Any thorough analysis of the thickness of insulation required to meet a specified U-value will require some detailed calculations. The earlier discussion of the basics of U-values only considered the thermal resistance of a single slab of a building material.

In any practical building element there will be extra thermal resistances, particularly those of the thin layers of air adhering to the outermost and innermost layers of the material, and the air in any substantial gap between the layers. Table 5 gives standard thermal values used for these. Note that the outside surface resistance is much lower than the value used for the inside surface. This is because the air is less likely to be still on the outside and will thus provide a relatively poorer insulation performance.

Table 5 Thermal resistances for surfaces and air gaps
Layer Resistance /

m2 K W–1

Inside surface (Rsi) 0.13
Air gap 0.18
Outside surface (Rso) 0.04

The thermal resistances of the components of a building element can be added in series as in Figure 16, to give a total thermal resistance (rather like adding electrical resistances in series). The total thermal resistance of a practical building element will thus consist of the sum of those of all its layers plus the inside and outside surface resistances.

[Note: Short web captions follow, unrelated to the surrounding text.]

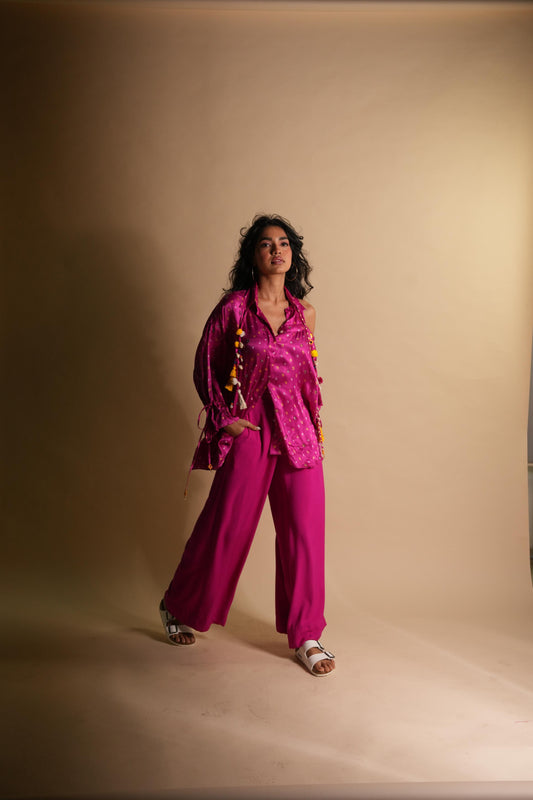 HOT STAWBERRY FLARED PANT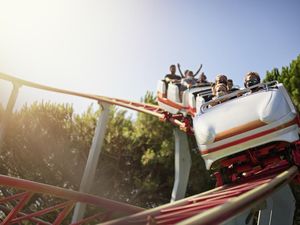 Tragis, Traveler Meninggal Setelah Terhempas dari Roller Coaster Tragis, Traveler Meninggal Setelah Terhempas dari Roller Coaster
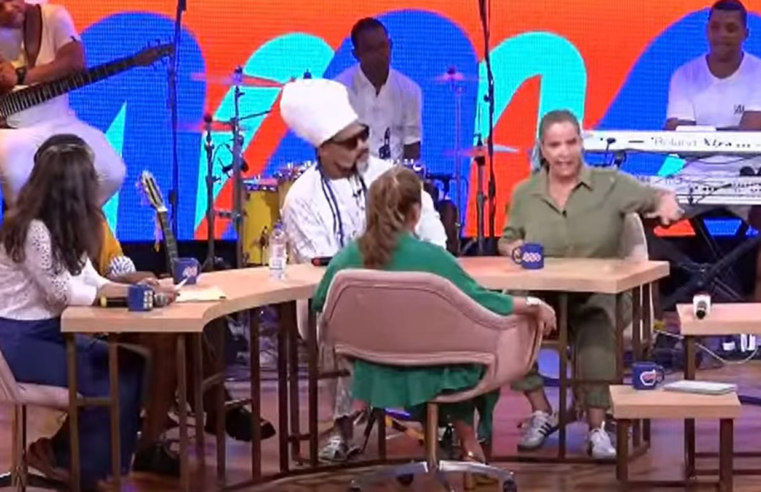 Sem Censura recebe Daniela Mercury no programa em Salvador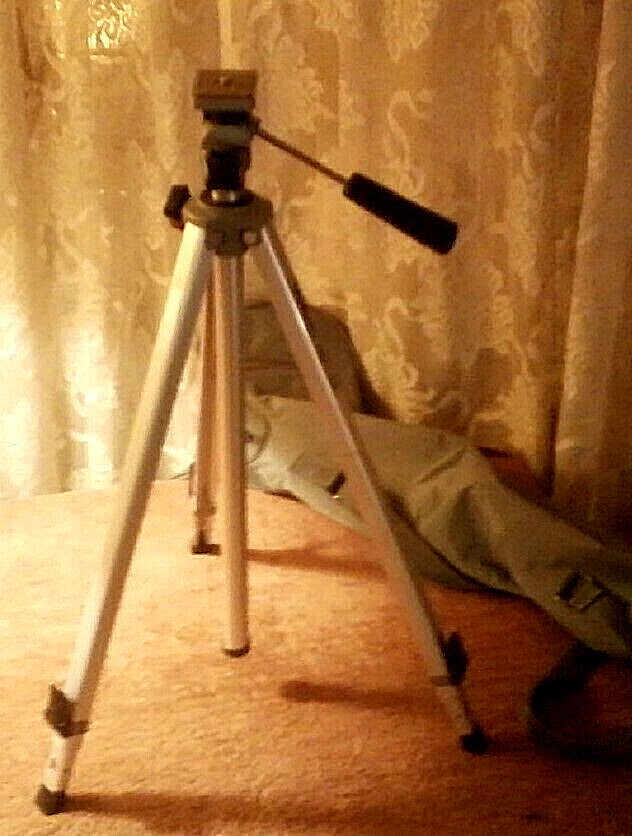  Velbon Aluminum Camera Tripod model TGK-33  - Image 1 of 1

Figure 16 Summing thermal resistances

Taking, for example, a wall construction with four layers, the total thermal resistance, RT , will be:

• RT = Rso + R1 + R2 + R3 + R4 + Rsi m2 K W–1

The U-value of this wall is its inverse = 1/RT W m–2 K–1

For example the wall shown in Figure 15 consists of the following layers: 115 mm common brick, a 115 mm cavity filled with mineral wool (conductivity 0.035 W m–1 K–1), 115 mm of aerated concrete blockwork (density 460 kg m–3) and a 13 mm layer of plaster on the inside. Using the conductivity values in Table 4 we can calculate its U-value by summing the various thermal resistances as shown in Table 6.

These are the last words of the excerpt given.